In one embodiment, a plurality of embeddings is generated by said chain instructions and wherein the final chain instruction is directed to averaging the corresponding data types in said plurality of embeddings.
In one embodiment, the method further comprises the step of: performing, on said server, a data analysis task on the processable data of said received embedding.
In one embodiment, at least some of said instructions are directed to reducing the accuracy of the raw user data so as to render it more difficult to extract private information therefrom.
In one embodiment, the data analysis task comprises a clustering analysis or similarity testing.
In one embodiment, the data analysis task is a machine learning training task.
In one embodiment, the machine learning training task uses at least one of: supervised learning or unsupervised learning.
In one embodiment, the training task is only performed every time a designated number of embeddings are received from the one or more devices.
In one embodiment, a previous training task is resumed upon receiving another embedding.
In accordance with another aspect, there is provided a system for converting raw user data into processable data for data analysis, the system comprising: a server, the server comprising: a memory for storing a data schema comprising one or more data types; a networking module communicatively coupled to a network; a processor communicatively coupled to said memory and networking module, and operable to generate from the data schema an instruction schema comprising, for each data type in said one or more data types, one or more instructions to be applied to the data type; a plurality of devices, each comprising a memory, a networking module communicatively coupled to server via said network and a processor communicatively coupled to the memory and networking module, and operable to: receive, from the server via said network, the instruction schema; apply each instruction in the instruction schema on raw user data stored on said memory of said device, so as to generate an embedding of processable data; and send, to the server via said network, the embedding; and wherein the server is further configured to receive each embedding from the plurality of devices and store it in the memory of the server.
In one embodiment, each instruction comprises one or more additional parameters required to apply the instruction on the data type.
In one embodiment, each of said plurality of devices are each configured to apply each instruction by: executing an executable function corresponding to said instruction using the one or more parameters on said raw user data; and adding an output of said executable function to the embedding.
In one embodiment, the server is further configured to perform a machine learning training task on the processable data of said received embeddings.
In accordance with another aspect, there is provided a non-transitory computer-readable storage medium including instructions that, when processed by a device communicatively coupled to a server via a network, configure the device to perform the steps of: receiving, from the server via said network, an instruction schema comprising, for each data type in one or more data types of a data schema, one or more instructions to be applied to the data type; applying each instruction in the instruction schema on locally stored raw user data, so as to generate an embedding of processable data; sending to the server via said network, the embedding.
The foregoing and additional aspects and embodiments of the present disclosure will be apparent to those of ordinary skill in the art in view of the detailed description of various embodiments and/or aspects, which is made with reference to the drawings, a brief description of which is provided next.

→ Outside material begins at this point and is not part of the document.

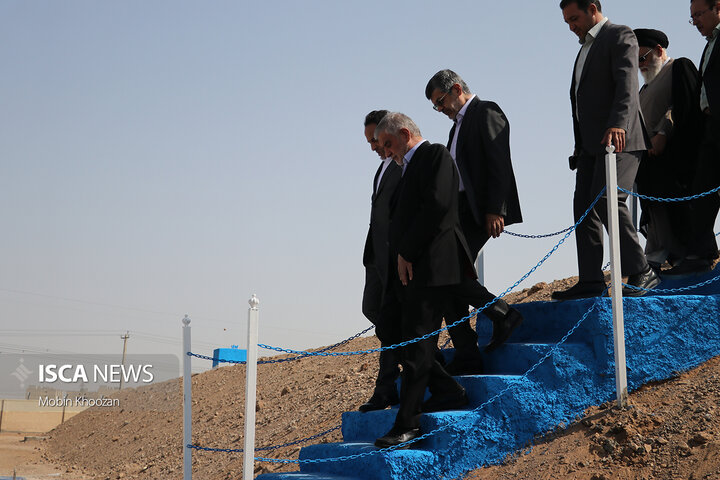 مراسم افتتاح مخزن ۱۵ هزار متر مکعبی شهید موسوی شهر یزد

BRIEF DESCRIPTION OF THE DRAWINGS

To easily identify the discussion of any particular element or act, the most significant digit or digits in a reference number refer to the figure number in which that element is first introduced.

FIG. 1 is a schematic diagram of a system for generating processable data from distributed raw user data, in accordance with one embodiment.

FIGS. 2 and 3 are schematic diagrams illustrating examples of a data schema and an instruction schema, respectively, in accordance with one embodiment.

FIG. 4 is a process flow diagram illustrating a method for generating processable data from distributed raw user data, in accordance with one embodiment.

FIG. 5 is a schematic diagram illustrating certain method steps of the method of FIG. 4 , in accordance with one embodiment.

FIG. 6 is a schematic diagram illustrating an example of raw user data, in accordance with one embodiment.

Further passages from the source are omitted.